Scalability: With VROC, you can easily expand your storage capacity by adding NVMe SSDs without the need for additional RAID controllers. This enables seamless growth of your vSAN Ready Node as your storage needs increase.

Cost Savings: VROC can reduce the cost of your vSAN Ready Node by eliminating the need for additional RAID controllers. Furthermore, as a software-based solution, VROC can leverage existing hardware resources, resulting in lower capital expenditures.

Traditional RAID Controller: Tried and Tested

A traditional RAID controller is a dedicated hardware component responsible for managing storage arrays and ensuring data redundancy. These controllers have been widely used in data centers for decades, providing a reliable and stable solution for storage management. Here are some advantages and disadvantages of using traditional RAID controllers as boot devices in vSAN Ready Nodes.

Advantages of Traditional RAID Controllers

Familiarity: Traditional RAID controllers are well-known and widely understood by IT administrators, making them a comfortable and familiar choice for managing storage in vSAN Ready Nodes.

Hardware Independence: Unlike VROC, traditional RAID controllers do not tie you to specific hardware vendors, allowing for more flexibility in hardware selection.


Choosing between VROC and traditional RAID controllers for boot devices in vSAN Ready Nodes ultimately depends on your organization’s priorities and requirements. VROC offers better performance, scalability, and cost savings but comes with vendor lock-in and increased complexity. On the other hand, traditional RAID controllers provide familiarity and hardware independence but may fall short in terms of performance and cost-efficiency.

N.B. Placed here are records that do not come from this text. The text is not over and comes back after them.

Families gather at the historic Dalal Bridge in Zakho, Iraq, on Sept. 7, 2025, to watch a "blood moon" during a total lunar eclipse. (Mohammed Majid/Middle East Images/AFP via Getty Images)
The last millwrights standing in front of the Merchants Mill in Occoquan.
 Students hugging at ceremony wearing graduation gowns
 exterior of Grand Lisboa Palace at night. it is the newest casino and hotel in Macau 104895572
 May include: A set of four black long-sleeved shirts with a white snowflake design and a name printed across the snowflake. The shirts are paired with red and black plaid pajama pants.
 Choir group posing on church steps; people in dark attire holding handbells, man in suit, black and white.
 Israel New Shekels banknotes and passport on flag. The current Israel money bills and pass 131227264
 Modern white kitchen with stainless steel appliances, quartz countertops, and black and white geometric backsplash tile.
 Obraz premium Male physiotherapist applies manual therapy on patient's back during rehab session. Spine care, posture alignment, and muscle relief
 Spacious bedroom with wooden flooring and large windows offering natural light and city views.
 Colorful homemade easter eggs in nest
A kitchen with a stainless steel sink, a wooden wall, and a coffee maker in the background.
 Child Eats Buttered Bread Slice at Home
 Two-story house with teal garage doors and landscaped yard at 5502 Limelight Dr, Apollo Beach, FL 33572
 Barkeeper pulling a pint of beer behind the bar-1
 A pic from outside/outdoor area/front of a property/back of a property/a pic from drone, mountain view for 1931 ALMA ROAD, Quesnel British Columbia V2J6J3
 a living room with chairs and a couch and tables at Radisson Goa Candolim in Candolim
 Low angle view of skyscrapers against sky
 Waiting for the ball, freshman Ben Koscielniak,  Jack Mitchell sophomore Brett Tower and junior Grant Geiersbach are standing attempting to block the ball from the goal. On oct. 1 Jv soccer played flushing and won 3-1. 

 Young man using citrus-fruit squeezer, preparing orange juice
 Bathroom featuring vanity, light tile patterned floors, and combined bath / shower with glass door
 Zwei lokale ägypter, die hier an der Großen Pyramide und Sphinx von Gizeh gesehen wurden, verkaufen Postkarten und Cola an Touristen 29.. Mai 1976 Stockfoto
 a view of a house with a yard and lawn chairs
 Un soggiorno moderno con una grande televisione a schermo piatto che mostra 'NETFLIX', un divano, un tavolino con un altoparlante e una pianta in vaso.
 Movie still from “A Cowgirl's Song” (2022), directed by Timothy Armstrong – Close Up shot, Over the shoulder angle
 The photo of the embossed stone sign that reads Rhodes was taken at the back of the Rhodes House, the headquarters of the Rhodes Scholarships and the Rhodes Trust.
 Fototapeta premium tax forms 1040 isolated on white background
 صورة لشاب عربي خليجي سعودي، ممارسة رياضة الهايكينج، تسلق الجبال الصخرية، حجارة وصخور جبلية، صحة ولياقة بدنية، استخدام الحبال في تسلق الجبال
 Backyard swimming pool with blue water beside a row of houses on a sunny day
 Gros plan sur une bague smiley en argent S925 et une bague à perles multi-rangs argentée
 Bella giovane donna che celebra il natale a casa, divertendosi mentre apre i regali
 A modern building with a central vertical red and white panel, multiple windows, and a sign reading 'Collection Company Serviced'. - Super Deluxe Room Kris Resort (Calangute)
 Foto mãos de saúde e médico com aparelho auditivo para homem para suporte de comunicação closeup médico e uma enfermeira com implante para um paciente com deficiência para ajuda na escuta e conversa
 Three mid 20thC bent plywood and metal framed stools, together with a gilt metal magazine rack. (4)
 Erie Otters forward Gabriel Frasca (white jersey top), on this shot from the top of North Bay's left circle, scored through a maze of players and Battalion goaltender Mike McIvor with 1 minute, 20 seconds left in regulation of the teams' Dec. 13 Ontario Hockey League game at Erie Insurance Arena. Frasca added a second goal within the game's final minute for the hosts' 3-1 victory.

It is essential to carefully evaluate the specific needs of your environment before deciding which solution is best suited for your vSAN Ready Node. By considering factors such as performance, scalability, cost, and ease of management, you can make an informed decision that will optimize your VMware vSAN Ready Node for long-term success. As storage technologies continue to evolve, staying abreast of new developments, such as VROC, can help ensure your organization remains agile and well-prepared to adapt to the ever-changing data center landscape. Ultimately, the choice between VROC and traditional RAID controllers should be guided by a thorough understanding of your specific storage needs, allowing you to maximize performance and efficiency in your virtualized environment.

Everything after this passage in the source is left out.